RECORD EXCERPTS START
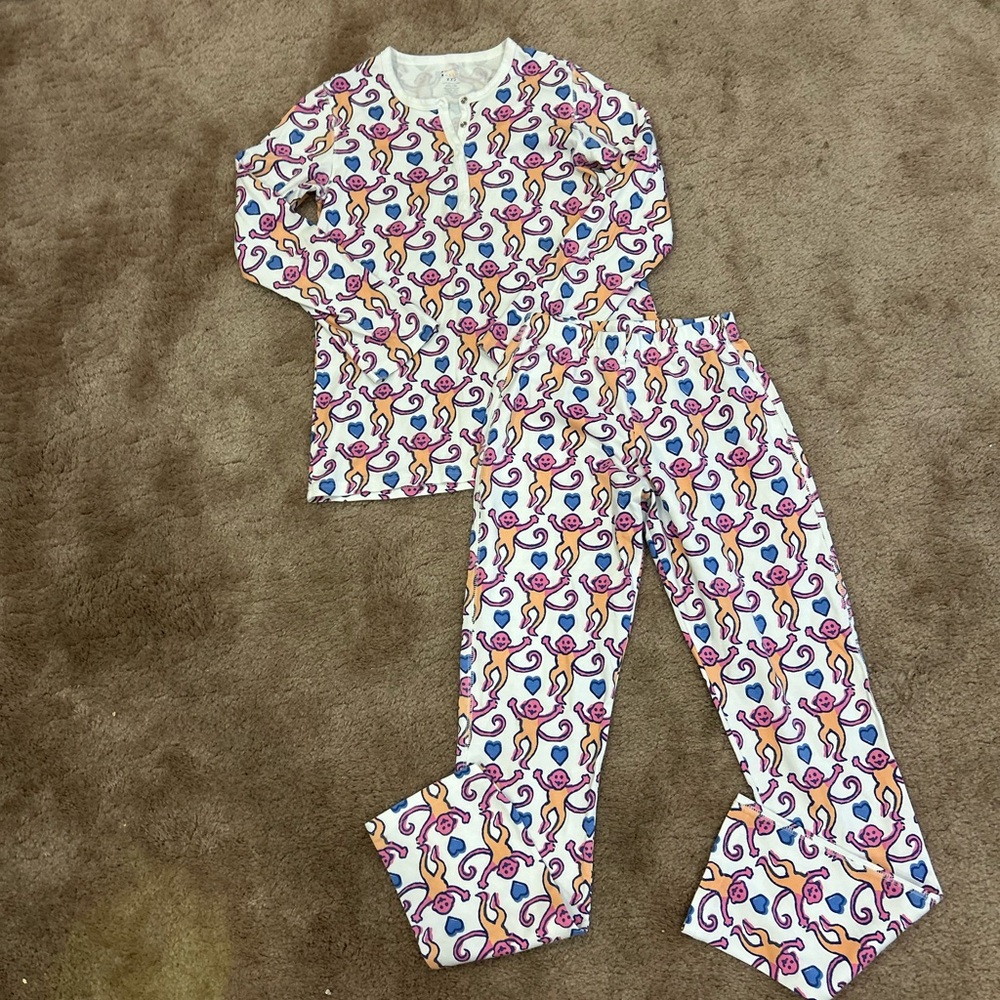 Roller Rabbit Lovely Monkey Pima Cotton Long Sleeve Pajamas XXS - Picture 6 of 11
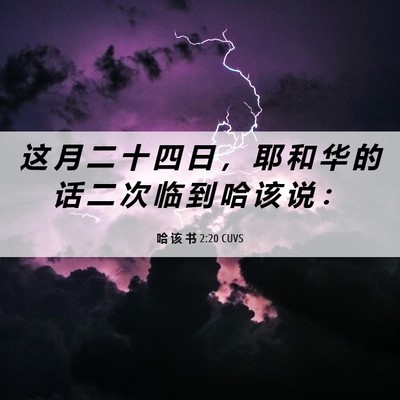 Picture 06 - 哈 该 书 2:20 CUVS - 这 月 二 十 四 日 ， 耶 和 华 的 话 - Bible Verse Picture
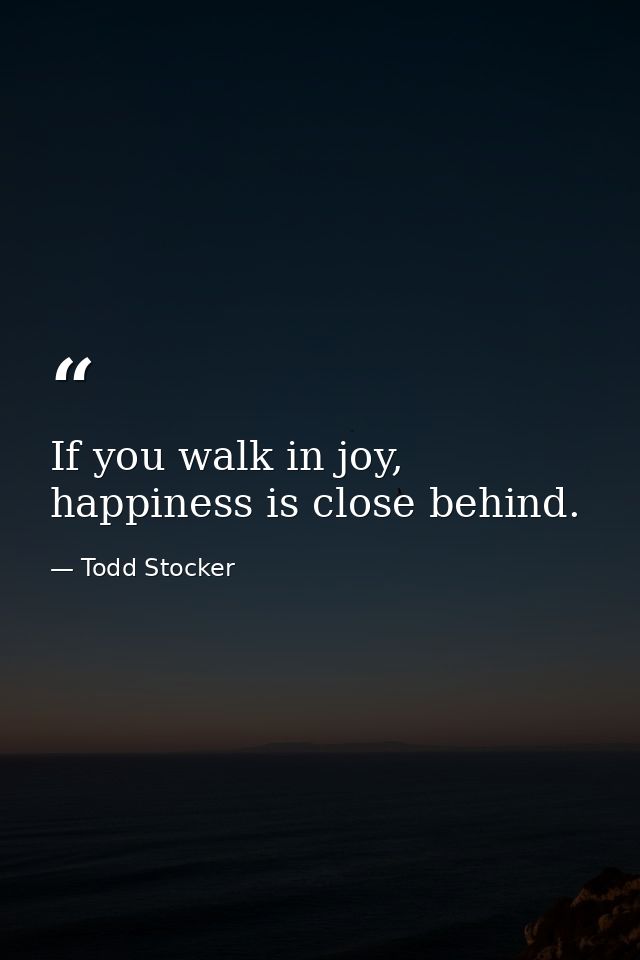 If you walk in joy, happiness is close behind. — Todd Stocker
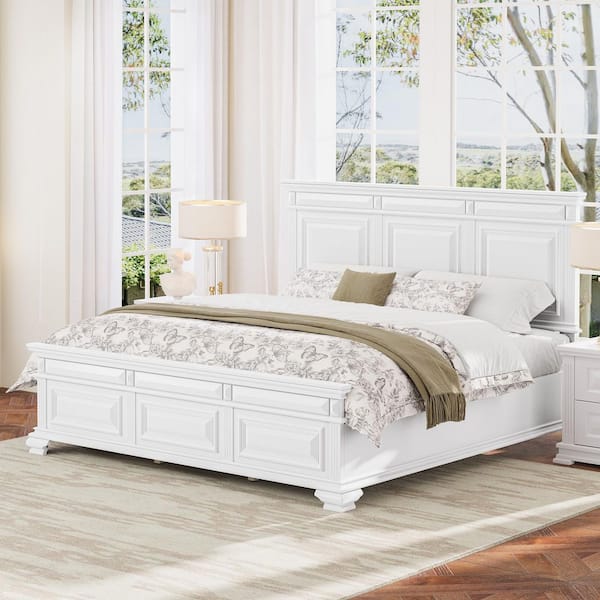 White Farmhouse Solid Wood Frame King size Platform Bed with Slat, Tall Headboard, and Footboard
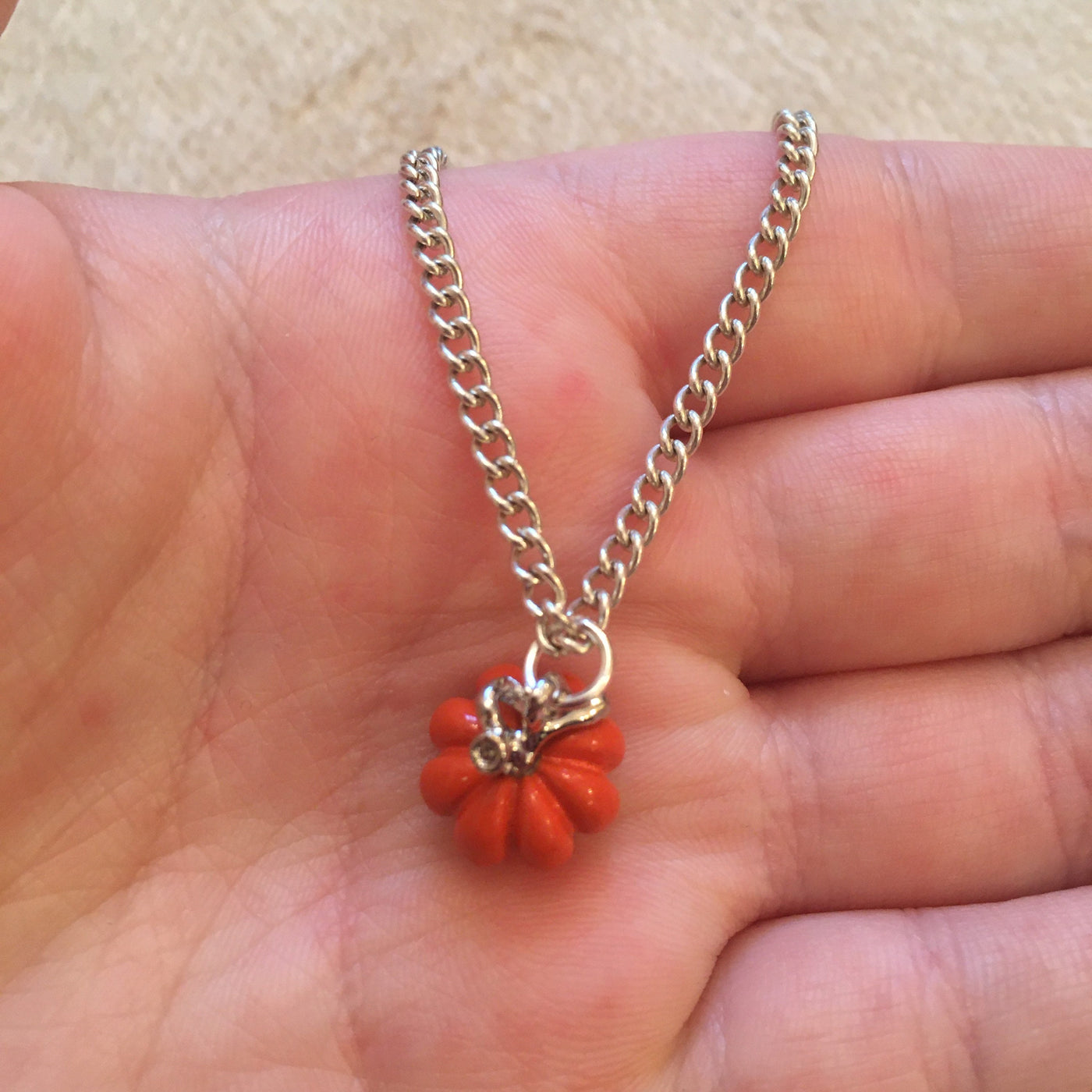 Orange Pumpkin Charm Silver Necklace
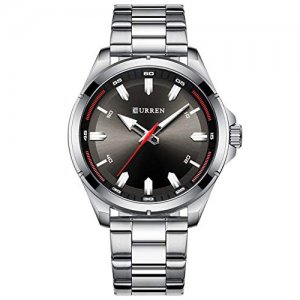 Ανδρικό Ρολόι Curren Silver-Black - Mens Quartz Watch Large Dial Fashion Business Waterproof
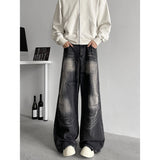 FOESCE Jeans Men baggy Wide Leg Washed Marble Jeans Vintage Comfort Denim Pant Relaxed Fit Casual Trousers Trend Streetwear Urban Style
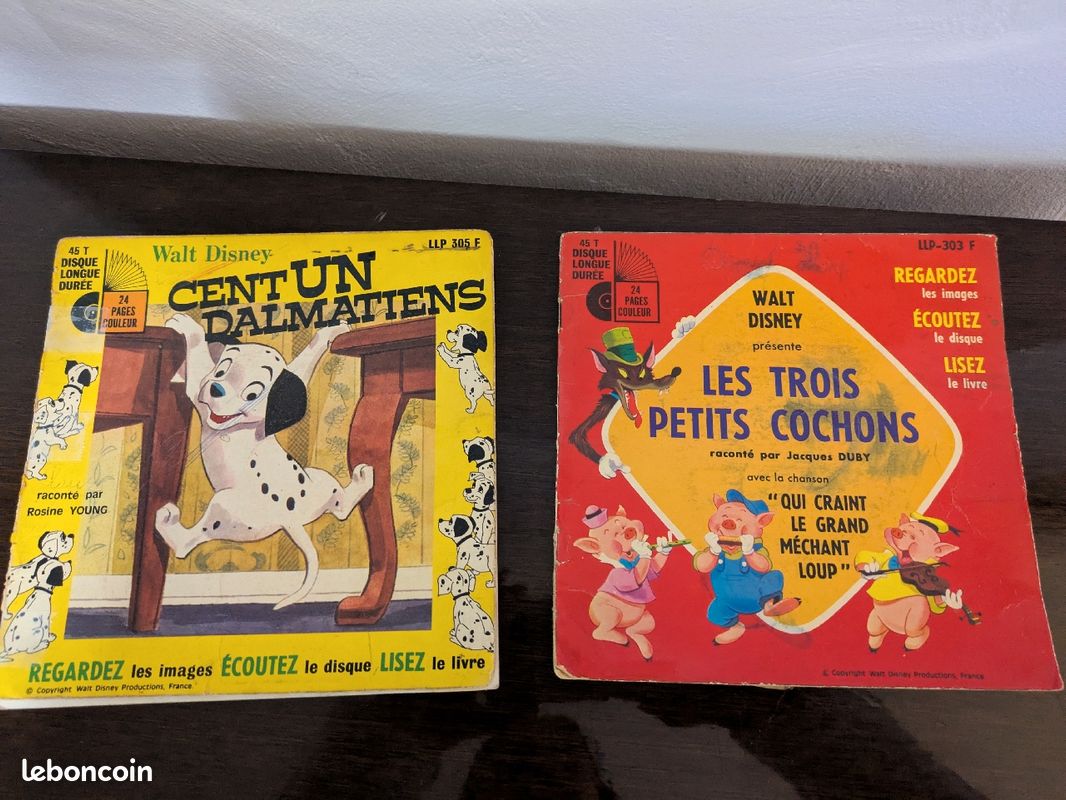 2 vinyles avec livres contes pour enfants Walt Disney (image 1)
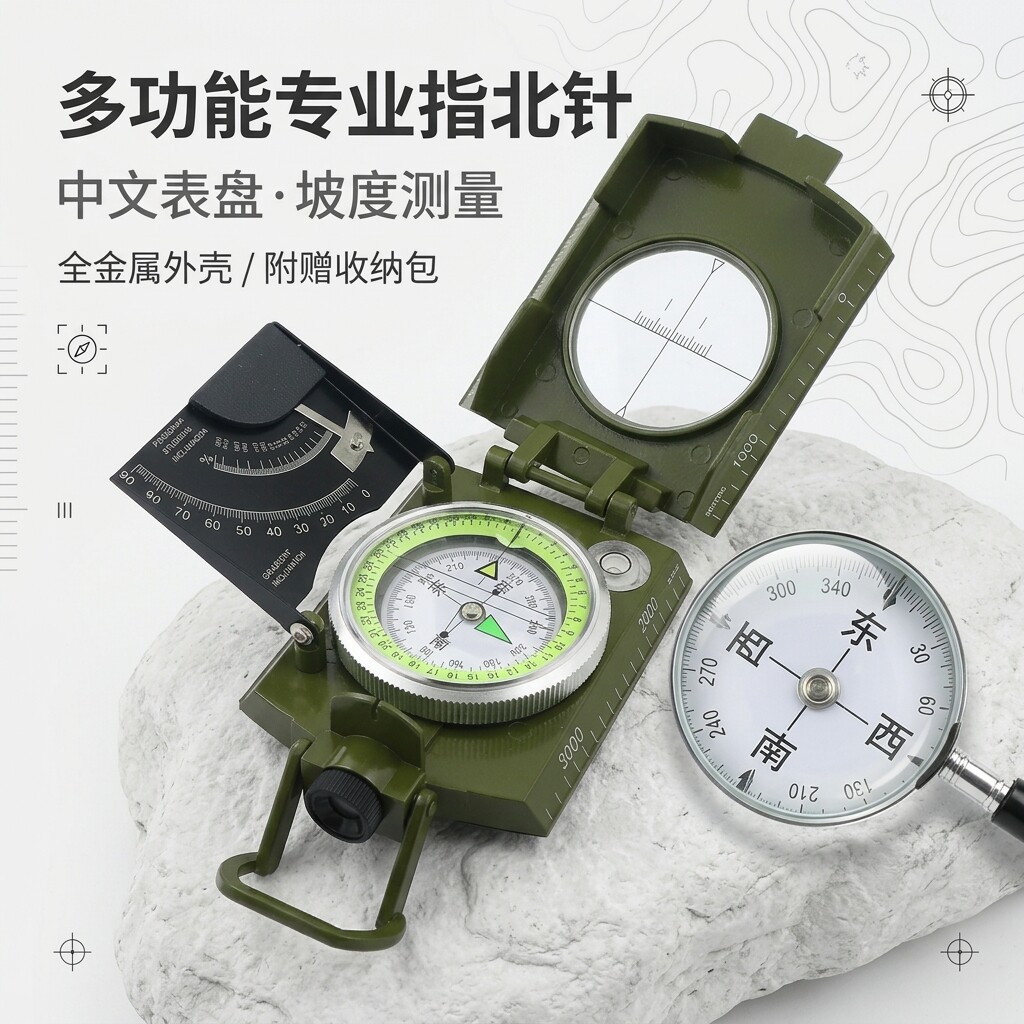 中文版K4074军绿美式指南针指北针带坡度罗盘仪多功能夜光指南针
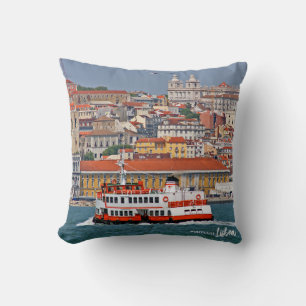 Lisbon view with old ferry on Tagus river Cushion
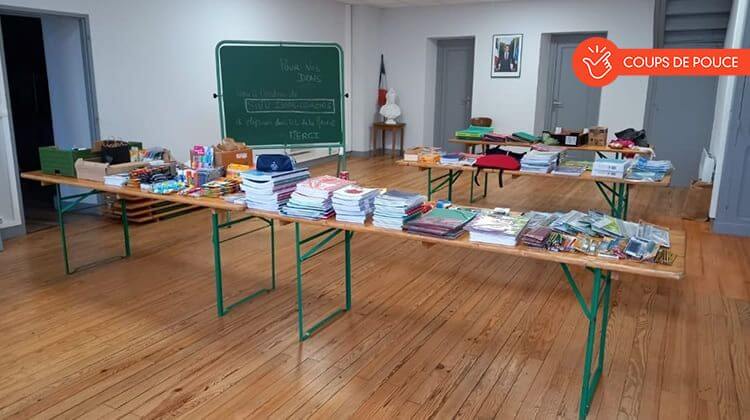 Des dons de matériels scolaires pour l'école de Lourdios-Ichère, détruite après une innondation.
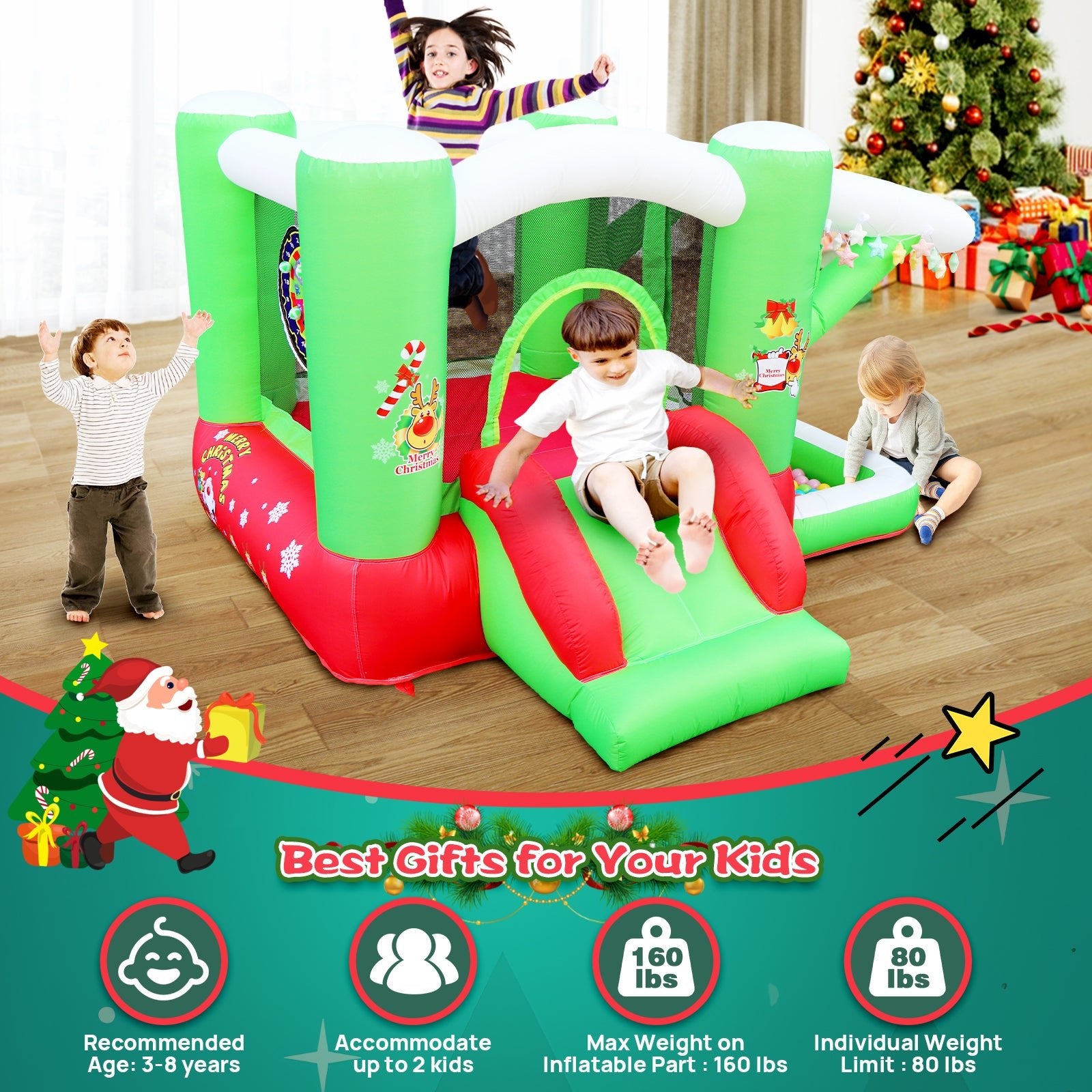 Christmas Jump 'n Slide Inflatable Bouncer for Kids Complete Setup with Blower - 80" x 91" Play Area - 55" Tall - B&B Forest Products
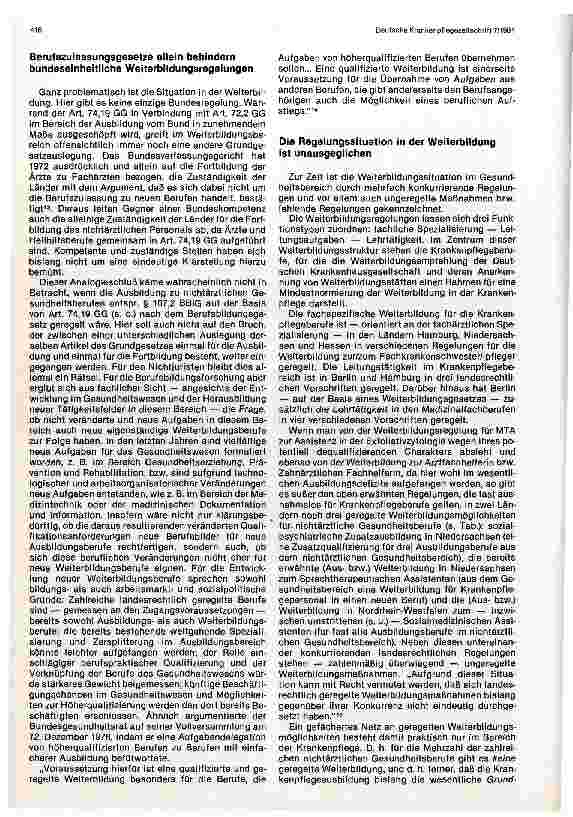 Vorschauseite 4: Die Regelsituation in der Aus-u. Weiterbildung zu nichtärztlichen Gesundheitsberufen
RECORD EXCERPTS END
- [TASK TO COMPLETE]:
The answer must be the lines from the first one in the records through the line containing "中文版K4074军绿美式指南针指北针带坡度罗盘仪多功能夜光指南针", copied exactly, with no pictures.

- [EXERCISE RESPONSE]:
 Roller Rabbit Lovely Monkey Pima Cotton Long Sleeve Pajamas XXS - Picture 6 of 11
 Picture 06 - 哈 该 书 2:20 CUVS - 这 月 二 十 四 日 ， 耶 和 华 的 话 - Bible Verse Picture
 If you walk in joy, happiness is close behind. — Todd Stocker
 White Farmhouse Solid Wood Frame King size Platform Bed with Slat, Tall Headboard, and Footboard
 Orange Pumpkin Charm Silver Necklace
 Ανδρικό Ρολόι Curren Silver-Black - Mens Quartz Watch Large Dial Fashion Business Waterproof
 FOESCE Jeans Men baggy Wide Leg Washed Marble Jeans Vintage Comfort Denim Pant Relaxed Fit Casual Trousers Trend Streetwear Urban Style
 2 vinyles avec livres contes pour enfants Walt Disney (image 1)
 中文版K4074军绿美式指南针指北针带坡度罗盘仪多功能夜光指南针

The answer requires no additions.